A-D, Single cell suspensions stained with antibodies for the markers used in cell isolation. Flow cytometry analysis of cardiac cell populations sorted for the presence of c-Kit (A), CD90 (B), CD105 (C), and CD133 (D) (n=3 patients per marker). Data are presented as 1 way ANOVA, *p<0.05, **p<0.01, ***p<0.001.

Figure 5. Immunofluorescence imaging of stem cell markers

A, Representative florescence microscopy showing c-Kit localization in CPC, EPC, and MSC (red, c-Kit; green, phalloidin; white, nuclei (DAPI)). B, Immunofluorescence labeling of the mesenchymal markers CD90 and CD105 showing varying degree of co-localization for these two markers in the three cell populations (red, CD90; blue, CD105; green, phalloidin; white, nuclei (DAPI)). C, CD133 expression revealed by immunofluorescence in the cardiac cells (blue, CD133; green, phalloidin; white, nuclei (DAPI)). Scale bar, 100 um. Asterisks (*) indicate cells positive for c-Kit.

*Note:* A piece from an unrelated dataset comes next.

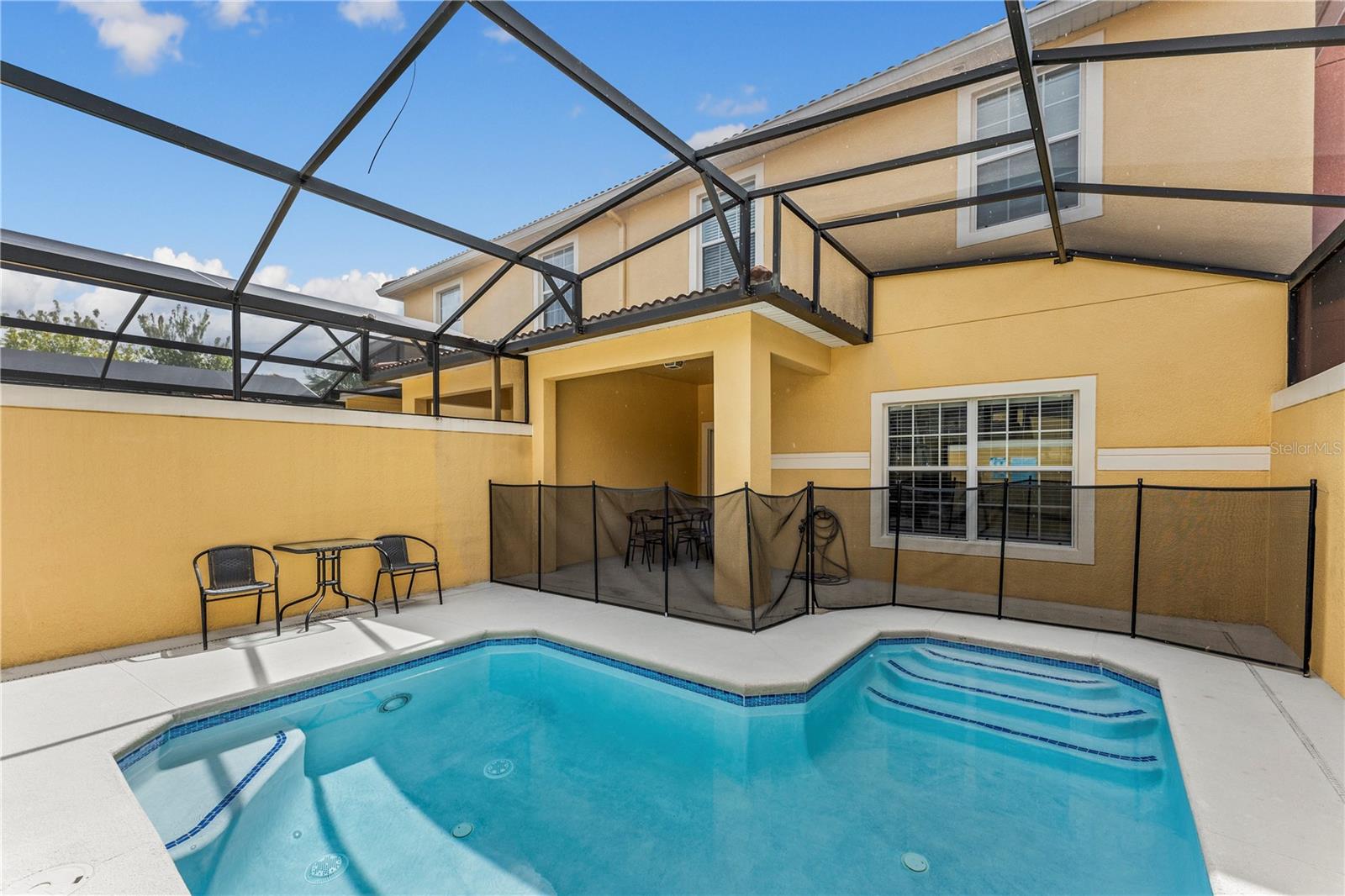 Image 29 of 32 For 8955 Bismarck Palm Road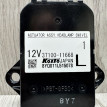 Блок адаптации фары левой Nissan X-Trail T32 Nissan X-Trail оригинальный номер 37100-11668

Figure 6. Supervised cluster analysis of gene expression levels in cardiac stem cells

A-B, Heatmaps representing differentially expressed genes in three different cell types. A, Cluster of genes showing specific up-regulation in EPC, but not CPC and MSC. B, Second cluster of genes showing specific down-regulation in EPC compared to CPC and MSC (n=5 patients).

Figure 7. In vitro lineage assessment and comparison to established cell lines

A-C, Representative images of tubular network formation when plated on growth factor reduced matrigel for CPC (A), EPC (B), and MSC (C). D–F, Bar graphs using established cell lines, HUVECs, bMSCs and adult CM, to assess the potential of cardiac stem cells to commit to an angiogenic (D), smooth muscle (E), and cardiogenic fate (F) (n=3 patients). Data are presented as 1 Way ANOVA, **P<0.001, ***p<0.0001, versus cell type used for normalization. Scale bar, 200 um. CM indicates Cardiomyocytes; GATA4, GATA binding protein 4; PECAM-1, Platelet endothelial cell adhesion molecule; and SMA, α-smooth muscle actin (SMA).